I don't know if this is a common problem, but I've sometimes encountered unexpected runtime issues caused by unsigned values being decremented below zero.
Example 1: "unsigned_value += negative_integer_value;"
Example 2: "for( size_t i = size - 1; i >= 0; --i )"
My compiler doesn't provide any compile-time or run-time warnings.
Of course not, it also doesn't flag integer division or using ++i when you actually meant --i. The compiler has a lot of tricks up its sleeve, but it cannot peak inside your head; it does not know what you want your code to do. If the result of an operation can be a negative number, then don't use unsigned integers for it; or rewrite the code such that the result cannot be negative.
Cheers, D Drmmr
Please put [code][/code] tags around your code to preserve indentation and make it more readable.
As long as man ascribes to himself what is merely a posibility, he will not work for the attainment of it. - P. D. Ouspensky
VisualStudio 2010 issues a "warning C4296: '>=' : expression is always true" when the warning level is set to /Wall. However, this level is quite a pain as a lot of headers that come with the compiler are candidates for warnings as well.
I could not get my g++ (4.6.1) to issue any warning.

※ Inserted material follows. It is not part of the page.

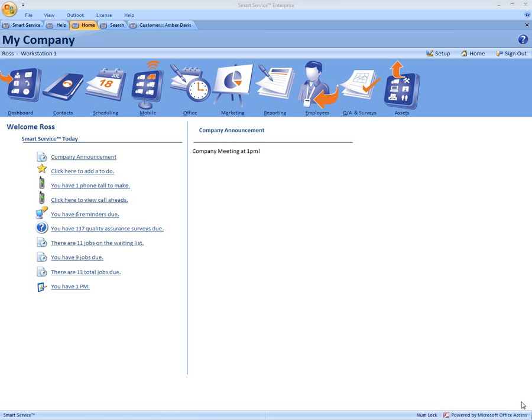Hi, this is Ross with My Service Depot and today we're going to go over how you can keep track of customers with multiple locations.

if you have code where such examples are very common and unavoidable an alternative to asserts could be to replace the unsigned type with a runtime checked size_t-like type in debug builds only. You can use boost operator library to ease the writing of such a custom numeric type, adding internal asserts where needed protecting you against underflow.
That said, this solution would bring its own set of issues, like properly controlling implicit conversions to mantain consistency with the relase build behavior.
However, it may be the way to go if asserts become excessive; indeed, note that asserts ( and tests ) may contain errors themselves, so you should avoid code duplication and favour incapsulation in the same way you do with the rest of the code ...
Do you know of any clever strategy to trace such cases at debug runtime, without having to add asserts all over the code? It's important that it does not affect performance in release mode.
You could systematically seek higher level language constructs. For example instead of integer counters in for-loops you can use iterators, or the new for-each loop in C++ 11, or BOOST_FOREACH/BOOST_REVERSE_FOREACH. The Boost way is my favourite. You can easily, safely and quickly loop over every standard data structure.
Start programming at a higher abstraction level and avoid low level fiddling. It's not as efficient as one might think and it's error-prone. Seek the highest abstraction level that's reasonable and optimize only when necessary at proven bottlenecks.
Last edited by nuzzle; October 12th, 2012 at 03:23 PM.